Office in a Small City por Edward Hopper

O Arsênio da Editora Circular

Nem me havia ocorrido que ele poderia reagir à foto da capa, mas que desgraça!
Agora, era tarde demais.

Um arrepio. Conheço essa batida. Lenta, repetida três vezes. Sim: como se zombasse de quem está dentro. Outra vez. Digo, mais outras três vezes. Sim. Só pode ser.

“Bom dia”, diz ele quase cantando. Mas assim: grave, insinuante.

O velho Arsênio, o senhor Arsênio Siqueira, é o representante da Editora Circular. Seu trabalho consiste em visitar os associados duas vezes por mês, mas ele passa por aqui toda semana, especialmente para atormentar-me.

“Como foi a semana?”, pergunta, como se muito lhe interessasse o que tenho feito de minhas malditas semanas.

“O de sempre”, respondo. Fingindo cansaço.
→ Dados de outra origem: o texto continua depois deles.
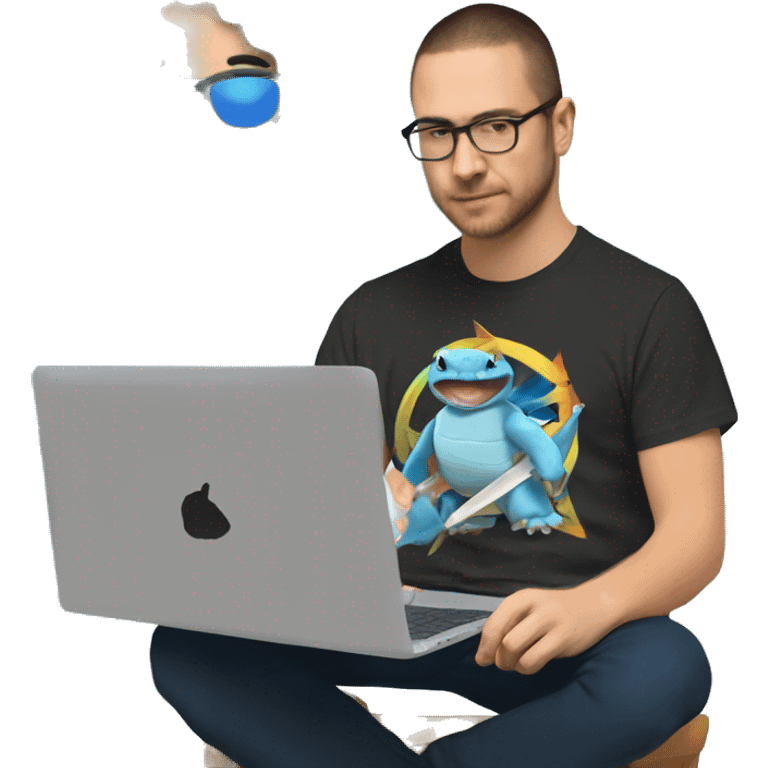 a colombian software engineer wearing a t-shirt with the band metallica. the engineer is writting on a laptop. next to the engineer is a squirtle pokemon that is his pet emoji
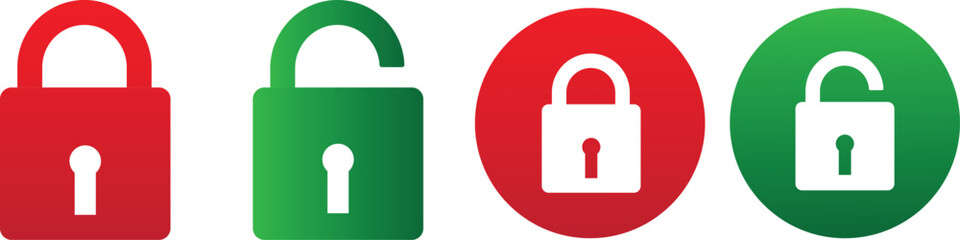 Sets of lock and unlock icon sign vector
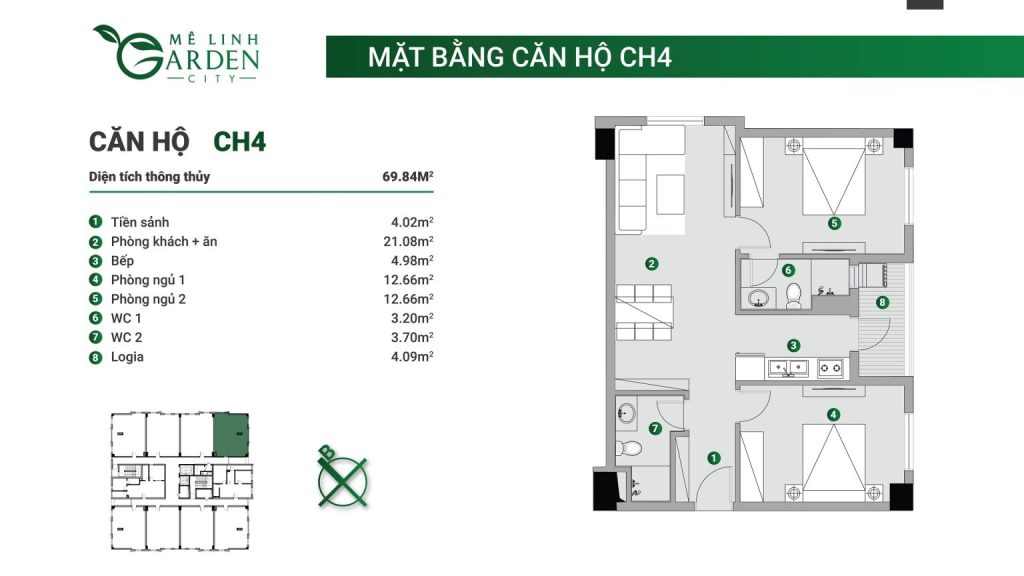 Mặt bằng Nhà ở xã hội kim hoa mê linh- Mê Linh Garden City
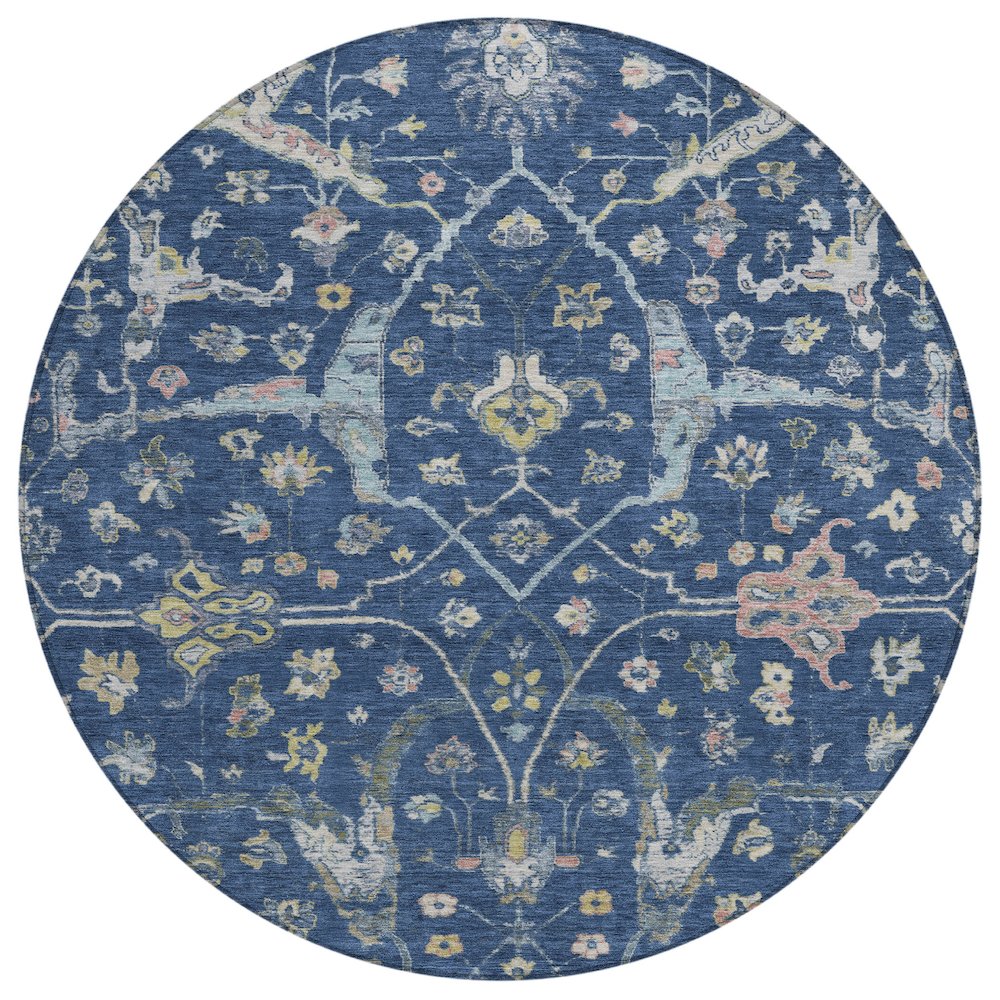 Machine Washable Indoor/Outdoor Chantille ACN2233 Blue 8' x 8' Round Rug. Picture 1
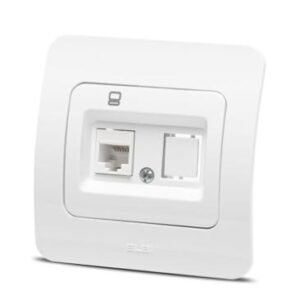 Priză UTP 1xRJ45 CAT6e EL-JAZZ Albă | Conectivitate de Rețea de Mare Viteză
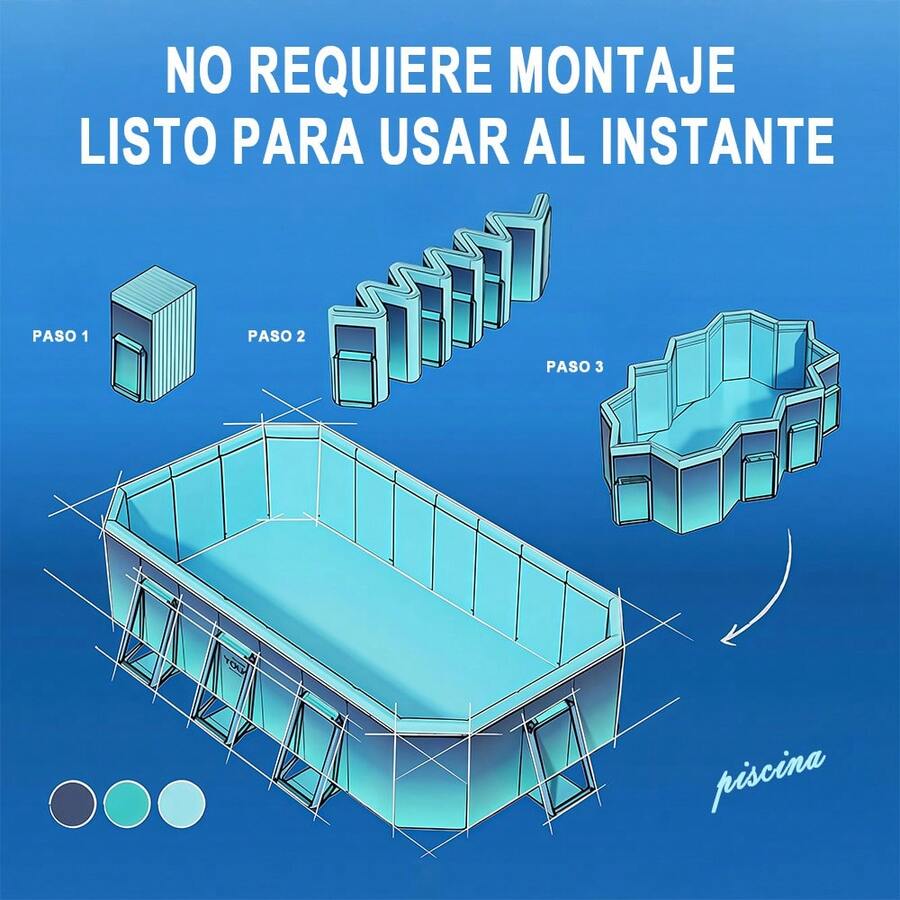 Piscina rectangular plegable familiar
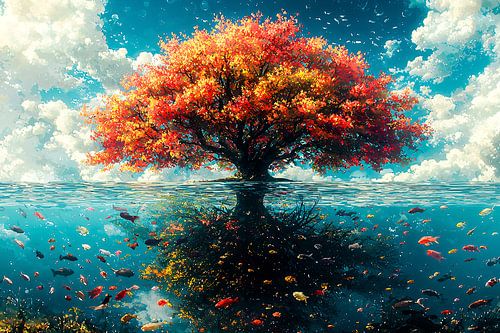 Boom met reflectie en vissen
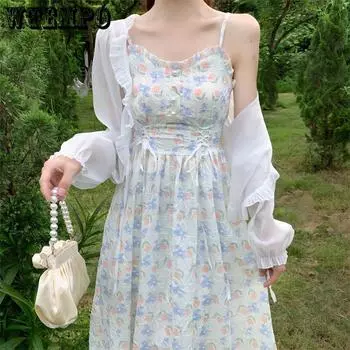 Милое и нежное платье большого размера, облегающее талию, платье с цветочным принтом, шифоновое платье M синий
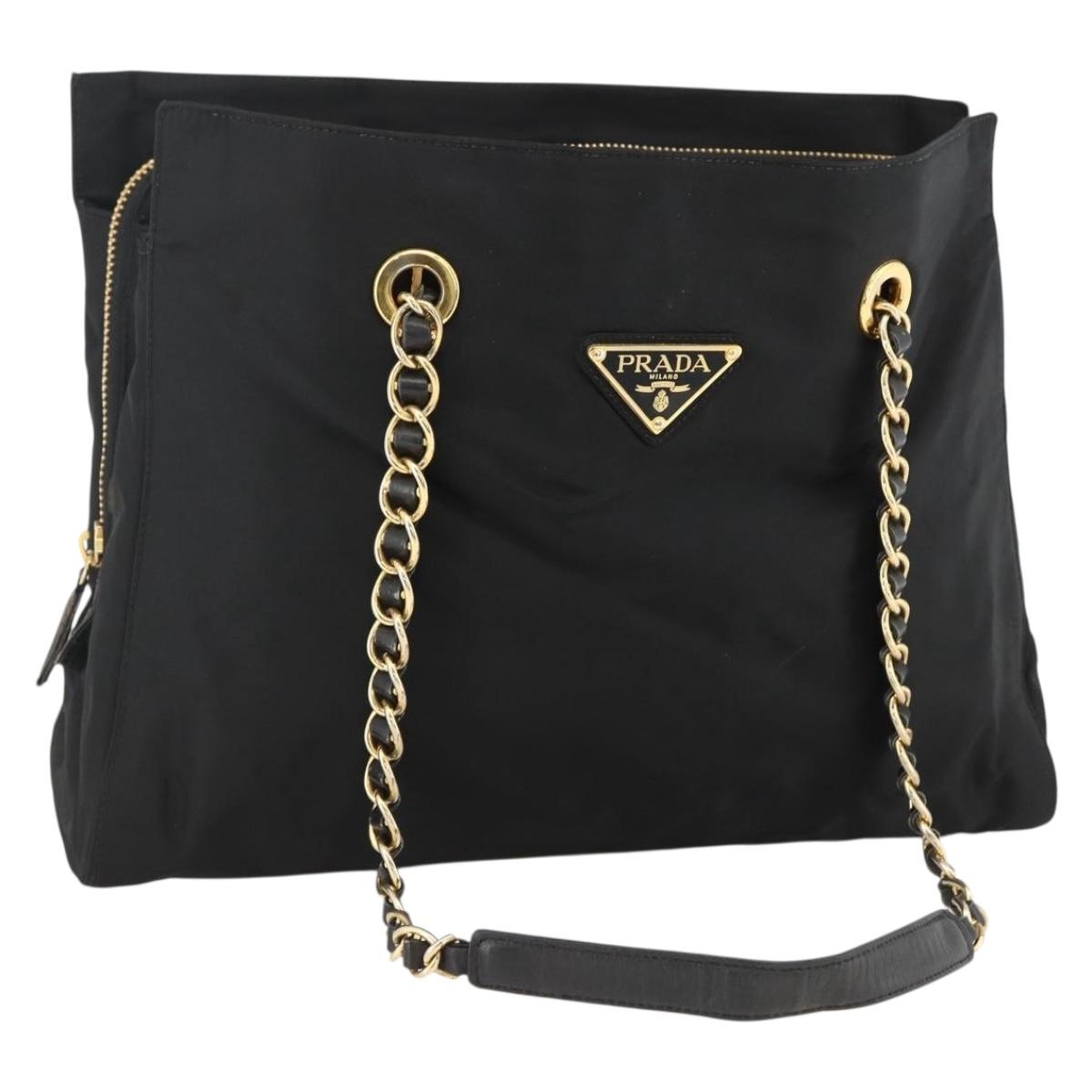 PRADA Chain Tote Bag Nylon Black Gold Auth am10950A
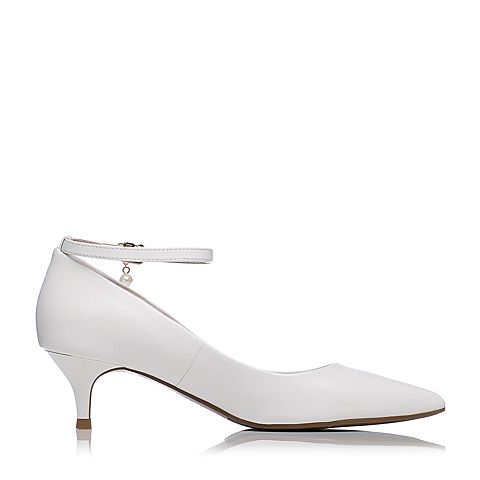 Tata/他她春白色牛皮珍珠一字带尖头酒杯跟女皮鞋2NCQDAQ8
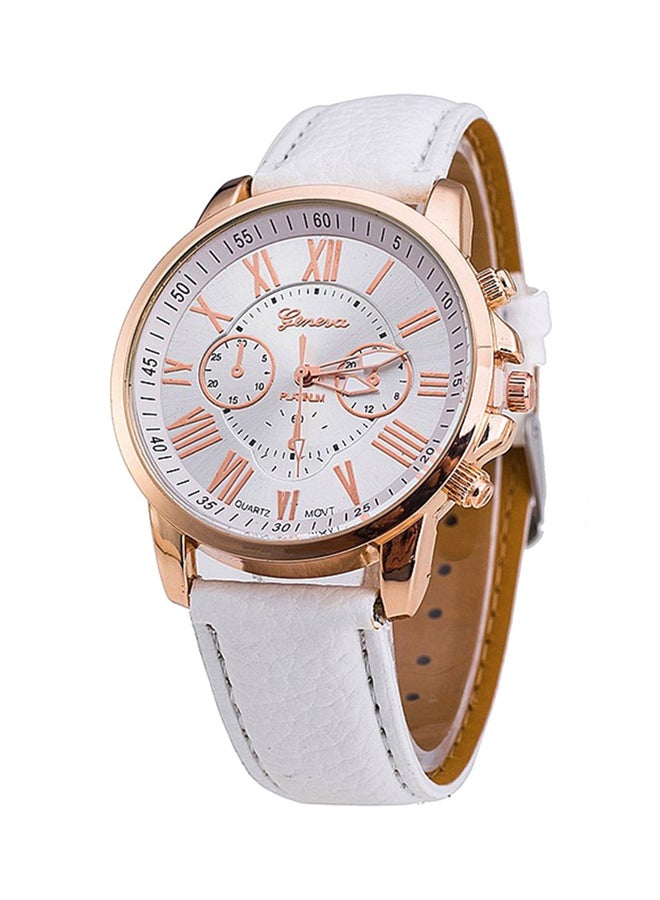 جنيفا ساعة يد بعقارب مقاومة للماء بسوار من الجلد طراز AWNTG-01-W0169 - قياس 37 مم - لون أبيض للنساء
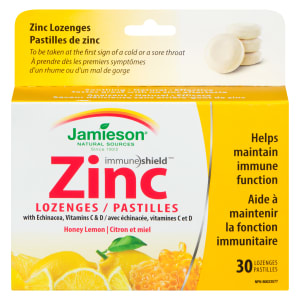Jamieson Zinc Lozenges Honey Lemon 30 Lozenges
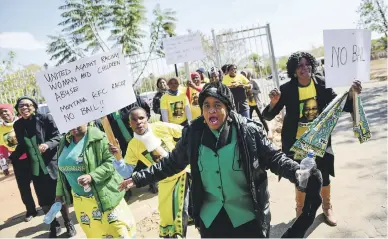  ?? Pictures: Jacques Nelles ?? NO MORE. ANC Women’s League members protest outside the Pretoria North Magistrate’s Court during the bail applicatii­on hearing of the KFC 5.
Ele se senta na única cadeira, deixa a mala de couro no chão, suspira de felicidade e fica olhando o quarto, em detalhes, como sendo a primeira vez que o vê. Nunca sorrio em sua presença. Procuro mostrar-me o mais sério possível, além de engrossar a voz. Não adianta. Da última vez, tornou a perscrutar-me com suas sutilezas, insinuando-se nem me lembro com que palavras ou olhares maliciosos. Ele tem uns olhos cintilantes, mas não devo dizer diabólicos, ninguém acreditaria. Nessa idade, tendo sido uma espécie de sátiro reprimido pelo casamento e pelo desgaste da vida familiar, cabelos brancos com tendência de penugem sobre o crânio, fica encantado ao ver uma pessoa jovem como eu. Três bichas dividem um quarto no andar de baixo e, da primeira vez que ele visitou a pensão, lá estava eu passando por uma delas, cumprimentando-a na entrada. Sim, provavelmente foi isto: as bichas não o agradaram, e devo ser eu o seu tipo. O fato é que não tenho como livrar-me dele, a menos que me mude daqui, o que no momento não é possível. Assim, ele fica como bem quer, sentado aí, desse jeito, em minha cadeira, suspirando de satisfação, o sorriso tênue desenhando-lhe os cantos da boca. Com a saúde que tem, não deverá morrer tão cedo, ao que parece. Agora, dispõe de todo o tempo do mundo para visitar associados e bisbilhotar a vida alheia. Que fazer?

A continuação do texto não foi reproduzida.